Adding MFA scripts #4557

iamanigeeit · 2022-08-04T15:04:05Z

From #4521 : this commit adds scripts necessary to convert MFA to ESPnet formats.

mfa.sh automates the entire conversion process
tts.sh has been modified to pass arguments to data.sh for MFA
data.sh has been edited to produce required text and durations files

To create .lab files for other datasets, define the relevant function in mfa_format.py.

…The recipe `mfa.sh` details the entire conversion process, and `tts.sh` and `data.sh` (for LJSpeech only) have been edited to produce required text and durations files.

kan-bayashi

Sorry for the late reviewing and thank you for adding cool features!
Could you reflect my comments and fix the CI errors?

kan-bayashi · 2022-08-08T12:42:53Z

egs2/TEMPLATE/tts1/tts.sh

-        local/data.sh ${local_data_opts}
+        local_data_opts+="--token_type ${token_type} --g2p ${g2p}"
+        local/data.sh "${local_data_opts}"


Please do not touch here, which may affect all of the recipes.
You can add local_data_opts in run.sh.
And ${local_data_opts} is different "${local_data_opts}" (latter is not parsed.)

kan-bayashi · 2022-08-08T12:49:50Z

egs2/ljspeech/tts1/local/data.sh

 log "$0 $*"
+token_type=''
+g2p=''
 . utils/parse_options.sh


How about adding use_mfa ?

Suggested change

log "$0 $*"

token_type=''

g2p=''

. utils/parse_options.sh

use_mfa=false

token_type=phn

g2p=g2p_en_no_space

log "$0 $*"

. utils/parse_options.sh

if "${use_mfa}"; then

if [ ${token_type} != "phn" ]; then

echo "ERROR: token_type must be phn when use_mfa=true."

exit 1

fi

if [ ${g2p} != "none" ]; then

echo "ERROR: g2p must be none when use_mfa=true."

exit 1

fi

fi

And could you add mfa installation check in the if expression?

kan-bayashi · 2022-08-08T12:50:21Z

egs2/ljspeech/tts1/local/data.sh

-        <(cut -d "|" -f 1 < ${db_root}/LJSpeech-1.1/metadata.csv) \
-        <(cut -d "|" -f 3 < ${db_root}/LJSpeech-1.1/metadata.csv) \
-        > ${text}
+    if [ "${token_type}" = 'phn' ] && [ -z "${g2p}" ]; then  # text should be phonemes!


Suggested change

if [ "${token_type}" = 'phn' ] && [ -z "${g2p}" ]; then # text should be phonemes!

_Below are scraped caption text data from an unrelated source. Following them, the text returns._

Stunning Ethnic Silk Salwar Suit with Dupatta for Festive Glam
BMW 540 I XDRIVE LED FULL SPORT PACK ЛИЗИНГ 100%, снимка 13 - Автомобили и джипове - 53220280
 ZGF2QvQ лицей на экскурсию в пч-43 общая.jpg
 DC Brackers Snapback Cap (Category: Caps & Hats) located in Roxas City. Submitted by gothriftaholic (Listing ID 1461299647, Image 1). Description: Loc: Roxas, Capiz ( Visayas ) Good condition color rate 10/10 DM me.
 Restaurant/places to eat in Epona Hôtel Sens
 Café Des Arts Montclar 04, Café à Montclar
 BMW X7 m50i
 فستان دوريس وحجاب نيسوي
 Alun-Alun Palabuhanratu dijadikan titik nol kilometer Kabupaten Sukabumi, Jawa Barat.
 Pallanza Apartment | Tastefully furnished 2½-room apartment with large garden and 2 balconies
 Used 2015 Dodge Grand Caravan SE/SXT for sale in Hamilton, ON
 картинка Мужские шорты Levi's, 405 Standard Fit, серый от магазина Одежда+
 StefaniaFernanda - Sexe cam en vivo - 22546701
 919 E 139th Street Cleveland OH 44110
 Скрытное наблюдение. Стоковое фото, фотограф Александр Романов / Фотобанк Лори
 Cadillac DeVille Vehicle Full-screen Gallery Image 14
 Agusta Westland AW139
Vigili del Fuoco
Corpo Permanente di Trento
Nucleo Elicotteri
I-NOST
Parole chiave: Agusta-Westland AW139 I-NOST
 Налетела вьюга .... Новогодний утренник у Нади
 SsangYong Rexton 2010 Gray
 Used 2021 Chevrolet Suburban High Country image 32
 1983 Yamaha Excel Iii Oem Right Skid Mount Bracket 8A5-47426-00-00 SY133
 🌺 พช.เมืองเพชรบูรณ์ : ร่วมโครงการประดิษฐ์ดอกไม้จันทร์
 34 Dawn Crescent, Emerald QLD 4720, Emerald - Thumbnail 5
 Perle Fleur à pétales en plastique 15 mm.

if "${use_mfa}"; then # text should be phonemes!

kan-bayashi · 2022-08-08T12:51:22Z

egs2/ljspeech/tts1/run_mfa.sh

+    --n_shift "${n_shift}" \
+    --token_type phn \
+    --cleaner none \
+    --g2p none \


Suggested change

--g2p none \

--g2p none \

--local_data_opts "--token_type phn --g2p none --use_mfa true" \

kan-bayashi · 2022-08-08T12:53:38Z

egs2/ljspeech/tts1/run_mfa.sh

+#!/usr/bin/env bash
+# Set bash to 'debug' mode, it will exit on :
+# -e 'error', -u 'undefined variable', -o ... 'error in pipeline', -x 'print commands',


Please add the comments about this script especially focusing on difference of run.sh.

And if you make separated script, I think it is better to add all options in this scripts in order to train by just executing ./run_mfa.sh.

kan-bayashi · 2022-08-08T13:01:11Z

egs2/TEMPLATE/asr1/scripts/utils/mfa.sh

+set -e
+
+# If you are not using LJSpeech, be sure to define how your dataset is processed in mfa_format.py
+# Three
+
+#!/usr/bin/env bash
+# conda config --append channels conda-forge
+# conda install montreal-forced-aligner


Suggested change

set -e

# If you are not using LJSpeech, be sure to define how your dataset is processed in mfa_format.py

# Three

#!/usr/bin/env bash

# conda config --append channels conda-forge

# conda install montreal-forced-aligner

#!/usr/bin/env bash

# Generate MFA alignement

# You need to install the following tools to run this script:

# $ conda config --append channels conda-forge

# $ conda install montreal-forced-aligner

# If you are not using LJSpeech, be sure to define how your

# dataset is processed in `scripts/utils/mfa_format.py`.

set -e

kan-bayashi · 2022-08-08T13:05:49Z

egs2/TEMPLATE/asr1/scripts/utils/mfa.sh

+
+
+# Run the below yourself
+
+#./run_mfa.sh --stage 0 --stop_stage 0
+#./run_mfa.sh --stage 1 --stop_stage 1
+#./run_mfa.sh --stage 2 --stop_stage 2
+#./run_mfa.sh --stage 3 --stop_stage 3
+#./run_mfa.sh --stage 4 --stop_stage 4
+#./run_mfa.sh --stage 5 --stop_stage 5 \
+#    --train_config conf/tuning/train_fastspeech2.yaml \
+#    --teacher_dumpdir data \
+#    --tts_stats_dir data/stats \
+#    --write_collected_feats true
+#./run_mfa.sh --stage 6 --stop_stage 6 \
+#    --train_config conf/tuning/train_fastspeech2.yaml \
+#    --teacher_dumpdir data \
+#    --tts_stats_dir data/stats
+
+
+


Suggested change

# Run the below yourself

#./run_mfa.sh --stage 0 --stop_stage 0

#./run_mfa.sh --stage 1 --stop_stage 1

#./run_mfa.sh --stage 2 --stop_stage 2

#./run_mfa.sh --stage 3 --stop_stage 3

#./run_mfa.sh --stage 4 --stop_stage 4

#./run_mfa.sh --stage 5 --stop_stage 5 \

# --train_config conf/tuning/train_fastspeech2.yaml \

# --teacher_dumpdir data \

# --tts_stats_dir data/stats \

# --write_collected_feats true

#./run_mfa.sh --stage 6 --stop_stage 6 \

# --train_config conf/tuning/train_fastspeech2.yaml \

# --teacher_dumpdir data \

# --tts_stats_dir data/stats

echo "Successfully finished generating MFA alignments.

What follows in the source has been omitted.